Ray Partho Sarothi, Fox Paul L
Department of Cellular and Molecular Medicine, The Lerner Research Institute, Cleveland Clinic, Cleveland, Ohio, Unites States of America; Department of Biological Sciences, Indian Institute of Science Education and Research, Kolkata, India.
Department of Cellular and Molecular Medicine, The Lerner Research Institute, Cleveland Clinic, Cleveland, Ohio, Unites States of America.
PLoS One. 2014 Jun 26;9(6):e98493. doi: 10.1371/journal.pone.0098493. eCollection 2014.

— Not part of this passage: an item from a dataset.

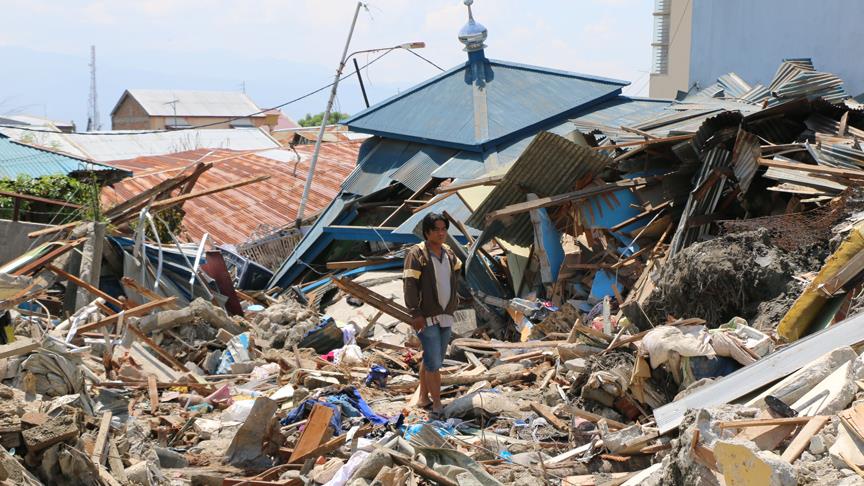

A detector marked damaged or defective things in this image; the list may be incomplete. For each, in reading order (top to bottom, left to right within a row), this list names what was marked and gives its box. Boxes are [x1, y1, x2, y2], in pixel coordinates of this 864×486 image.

Repeated domains in proteins that have undergone duplication or loss, and sequence divergence, are especially informative about phylogenetic relationships. We have exploited divergent repeats of the highly structured, 50-amino acid WHEP domains that join the catalytic subunits of bifunctional glutamyl-prolyl tRNA synthetase (EPRS) as a sequence-informed repeat (SIR) to trace the origin and evolution of EPRS in holozoa. EPRS is the only fused tRNA synthetase, with two distinct aminoacylation activities, and a non-canonical translation regulatory function mediated by the WHEP domains in the linker. Investigating the duplications, deletions and divergence of WHEP domains, we traced the bifunctional EPRS to choanozoans and identified the fusion event leading to its origin at the divergence of ichthyosporea and emergence of filozoa nearly a billion years ago. Distribution of WHEP domains from a single species in two or more distinct clades suggested common descent, allowing the identification of linking organisms. The discrete assortment of choanoflagellate WHEP domains with choanozoan domains as well as with those in metazoans supported the phylogenetic position of choanoflagellates as the closest sister group to metazoans. Analysis of clustering and assortment of WHEP domains provided unexpected insights into phylogenetic relationships amongst holozoan taxa. Furthermore, observed gaps in the transition between WHEP domain groupings in distant taxa allowed the prediction of undiscovered or extinct evolutionary intermediates. Analysis based on SIR domains can provide a phylogenetic counterpart to palaentological approaches of discovering "missing links" in the tree of life.
在经历了复制、缺失和序列分化的蛋白质中,重复结构域对于系统发育关系具有特别重要的信息价值。我们利用了高度结构化的、由50个氨基酸组成的WHEP结构域的发散重复序列,这些结构域连接双功能谷氨酰 - 脯氨酰tRNA合成酶(EPRS)的催化亚基,作为序列信息重复序列(SIR)来追踪全动物界中EPRS的起源和进化。EPRS是唯一一种融合的tRNA合成酶,具有两种不同的氨酰化活性,以及由连接区的WHEP结构域介导的非经典翻译调节功能。通过研究WHEP结构域的复制、缺失和分化,我们将双功能EPRS追溯到领鞭毛虫,并确定了导致其起源的融合事件发生在近十亿年前鱼孢霉分化和丝足虫出现之时。来自单个物种的WHEP结构域在两个或更多不同进化枝中的分布表明它们有共同的祖先,从而能够识别连接生物。领鞭毛虫的WHEP结构域与领鞭毛虫类结构域以及后生动物结构域的离散分类支持了领鞭毛虫作为后生动物最亲近姐妹群的系统发育地位。对WHEP结构域的聚类和分类分析为全动物类群之间的系统发育关系提供了意想不到的见解。此外,在远缘类群的WHEP结构域分组之间观察到的过渡间隙使得能够预测未被发现或已灭绝的进化中间环节。基于SIR结构域的分析可以为在生命之树中发现“缺失环节”的古生物学方法提供系统发育对应物。